Uncertainty quantification for deep learning in ultrasonic crack characterization

Pyle, Richard J. and Hughes, Robert R. and Ali, Amine Ait Si and Wilcox, Paul D. (2022) Uncertainty quantification for deep learning in ultrasonic crack characterization. IEEE Transactions on Ultrasonics, Ferroelectrics and Frequency Control, 69 (7). pp. 2339-2351. ISSN 0885-3010 (https://doi.org/10.1109/TUFFC.2022.3176926)
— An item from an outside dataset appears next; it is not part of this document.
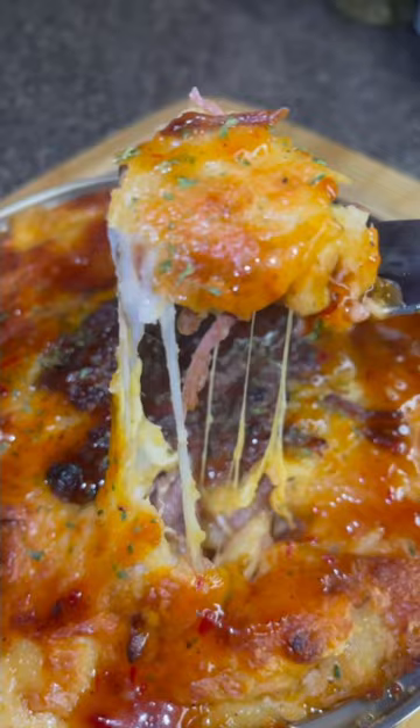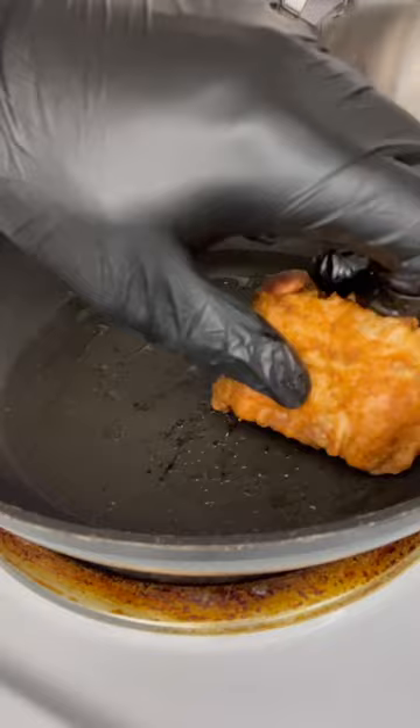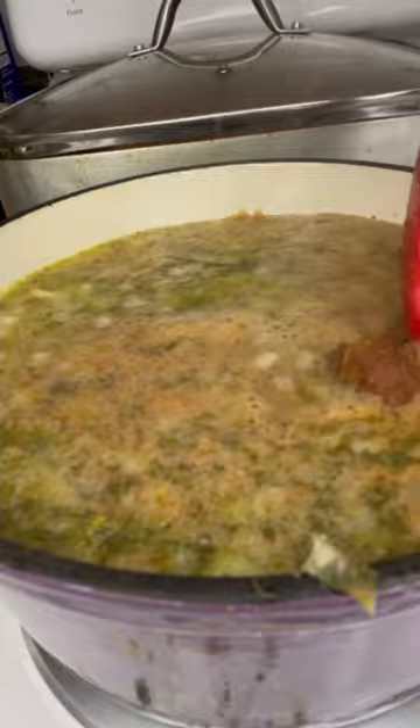We're going to season our oxtail with the jalapeño paste and fully coat it. Then we're going to add it to a skillet and let it brown on both sides — and they're going to look like this. After that, we're going to add it to a crock pot and let it sit for four hours.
[thumbnail of Pyle-etal-IEEE-TUFFC-2022-Uncertainty-quantification-for-deep-learning]
Preview
Text. Filename: Pyle_etal_IEEE_TUFFC_2022_Uncertainty_quantification_for_deep_learning.pdf
Accepted Author Manuscript
License: Strathprints license 1.0

Download (1MB)| Preview

Abstract

Deep learning for nondestructive evaluation (NDE) has received a lot of attention in recent years for its potential ability to provide human level data analysis. However, little research into quantifying the uncertainty of its predictions has been done. Uncertainty quantification (UQ) is essential for qualifying NDE inspections and building trust in their predictions. Therefore, this article aims to demonstrate how UQ can best be achieved for deep learning in the context of crack sizing for inline pipe inspection. A convolutional neural network architecture is used to size surface breaking defects from plane wave imaging (PWI) images with two modern UQ methods: deep ensembles and Monte Carlo dropout. The network is trained using PWI images of surface breaking defects simulated with a hybrid finite element / ray-based model. Successful UQ is judged by calibration and anomaly detection, which refer to whether in-domain model error is proportional to uncertainty and if out of training domain data is assigned high uncertainty. Calibration is tested using simulated and experimental images of surface breaking cracks, while anomaly detection is tested using experimental side-drilled holes and simulated embedded cracks. Monte Carlo dropout demonstrates poor uncertainty quantification with little separation between in and out-of-distribution data and a weak linear fit ( R=0.84 ) between experimental root-mean-square-error and uncertainty. Deep ensembles improve upon Monte Carlo dropout in both calibration ( R=0.95 ) and anomaly detection. Adding spectral normalization and residual connections to deep ensembles slightly improves calibration ( R=0.98 ) and significantly improves the reliability of assigning high uncertainty to out-of-distribution samples.